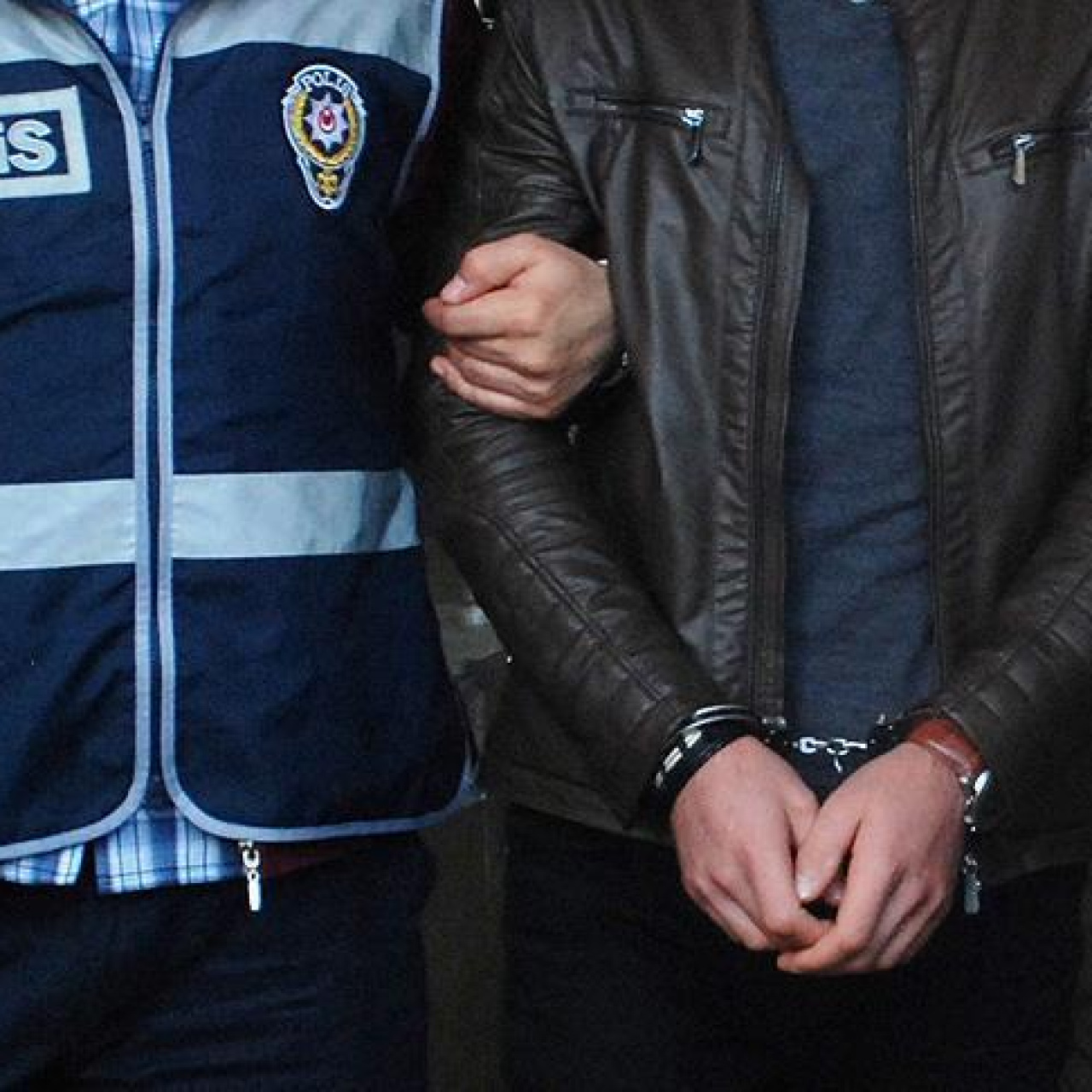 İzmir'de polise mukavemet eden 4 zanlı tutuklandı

● ● ●

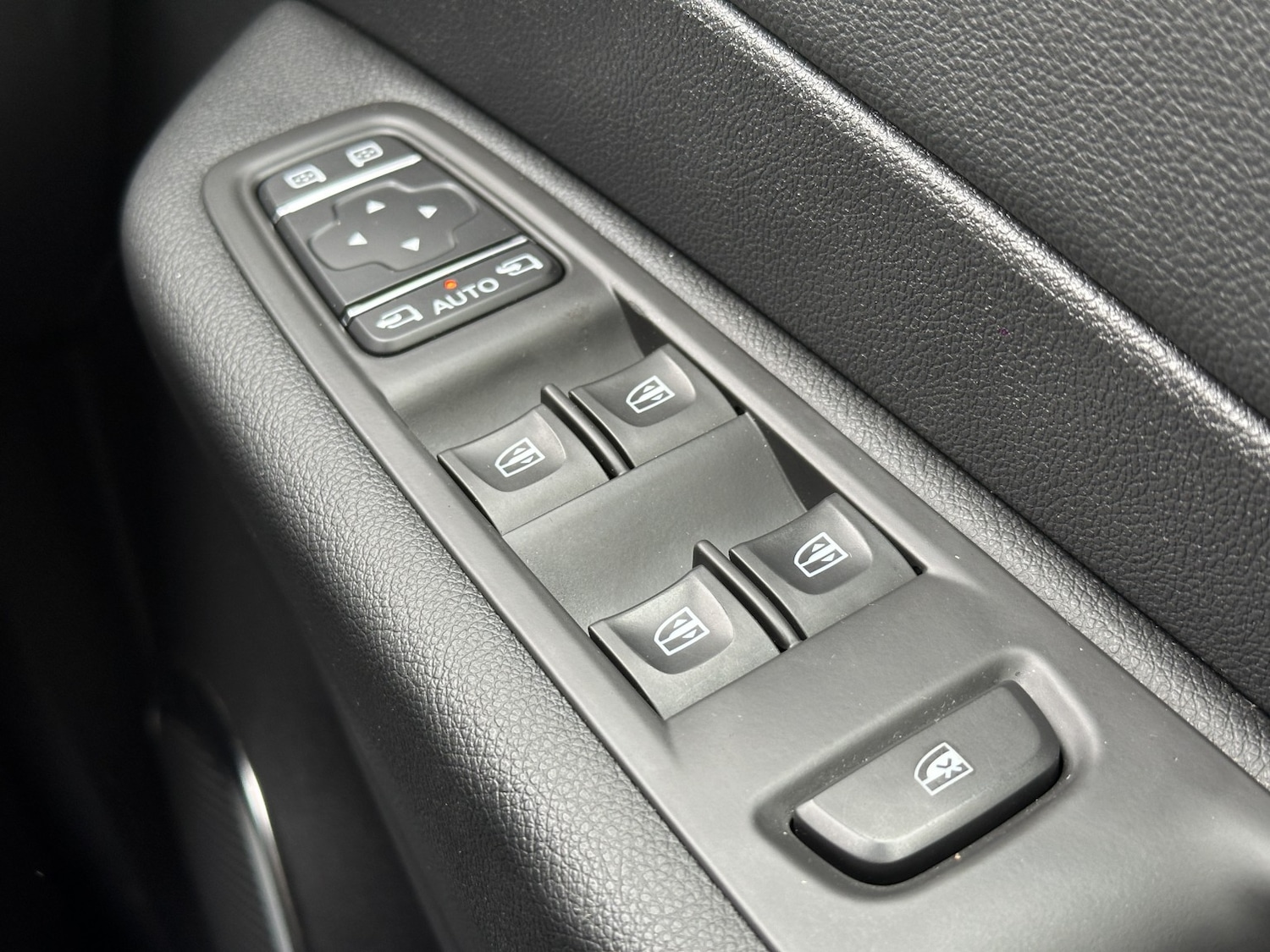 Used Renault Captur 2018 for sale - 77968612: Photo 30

● ● ●

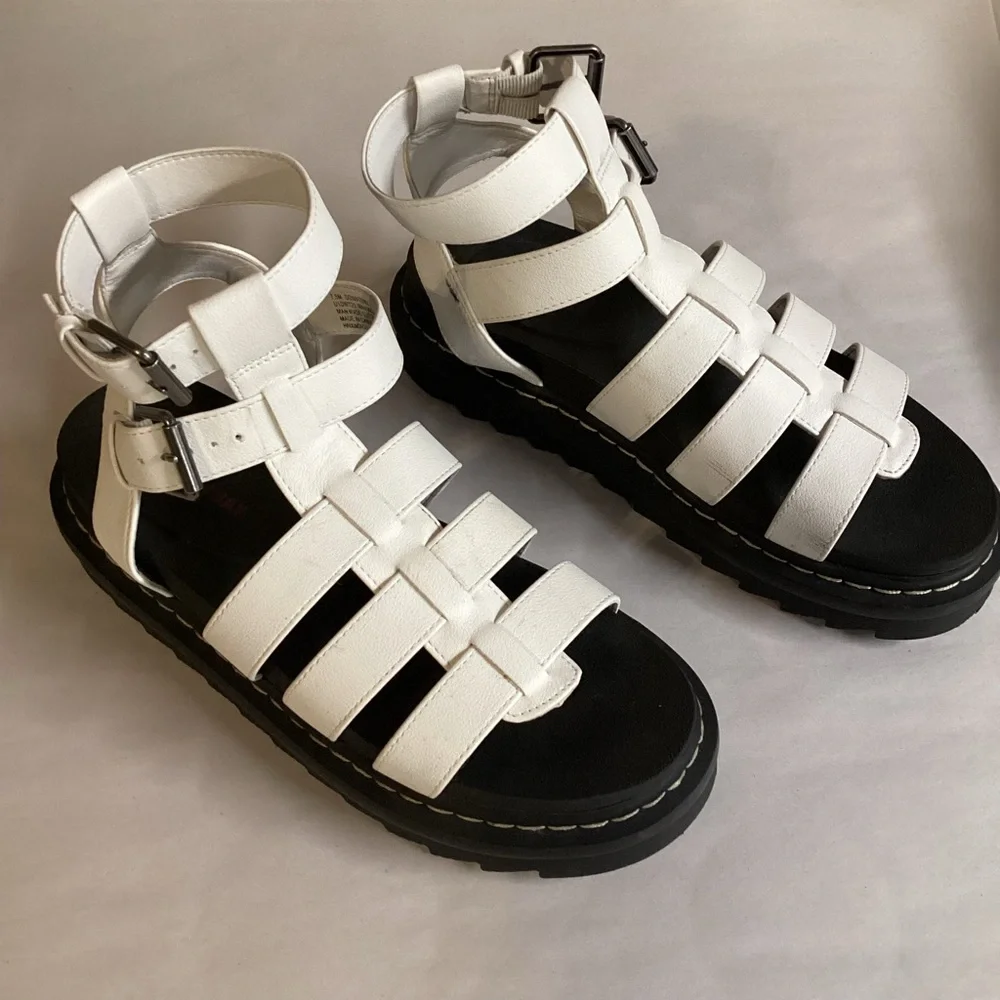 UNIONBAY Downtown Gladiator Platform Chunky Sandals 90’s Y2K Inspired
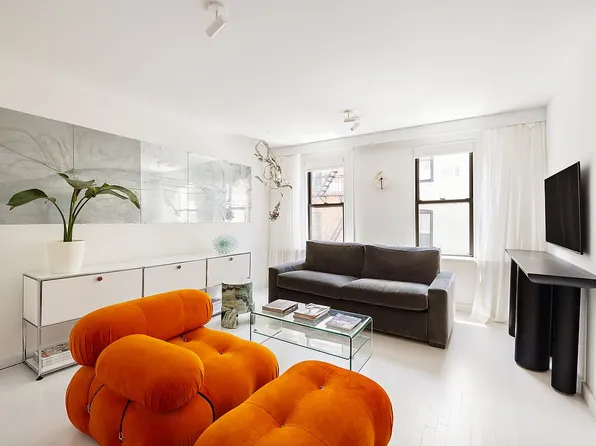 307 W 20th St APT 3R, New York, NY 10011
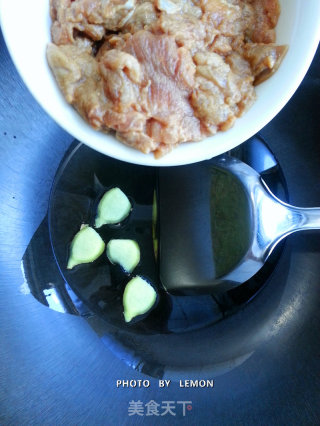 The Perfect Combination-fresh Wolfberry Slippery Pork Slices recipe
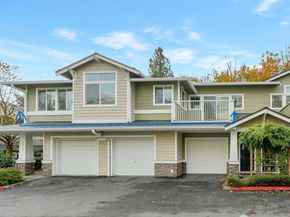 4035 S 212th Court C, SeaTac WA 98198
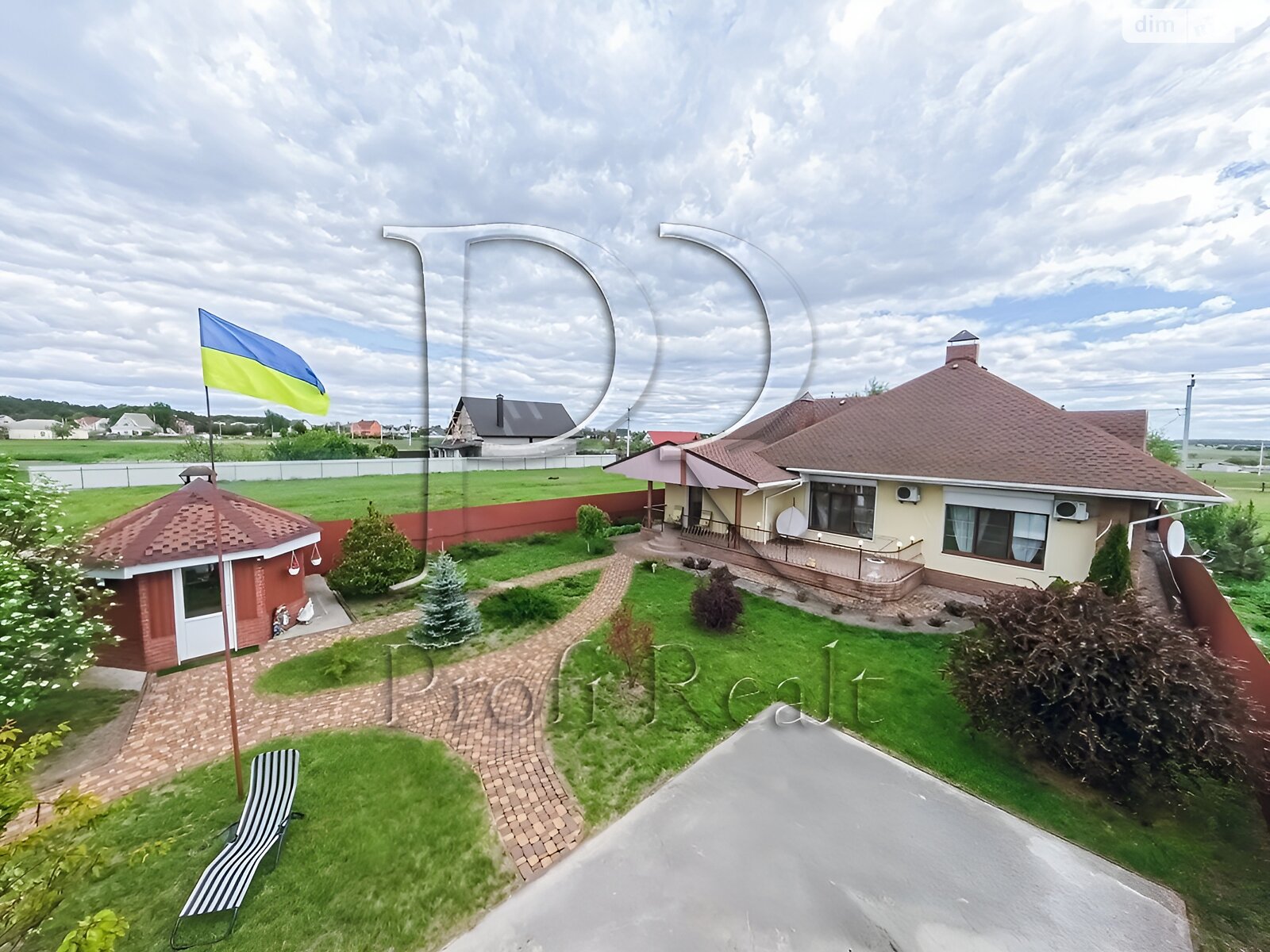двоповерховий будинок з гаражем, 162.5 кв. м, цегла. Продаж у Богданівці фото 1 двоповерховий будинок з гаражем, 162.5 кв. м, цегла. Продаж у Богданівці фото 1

● ● ●

> _TASK REQUIREMENTS_
Using the data above, copy exactly the lines from the one containing "4035 S 212th Court C, SeaTac WA 98198" to the one containing "фото 1 двоповерховий", inclusive. Exclude the pictures.

> _SOLUTION_
 4035 S 212th Court C, SeaTac WA 98198
двоповерховий будинок з гаражем, 162.5 кв. м, цегла. Продаж у Богданівці фото 1 двоповерховий будинок з гаражем, 162.5 кв. м, цегла. Продаж у Богданівці фото 1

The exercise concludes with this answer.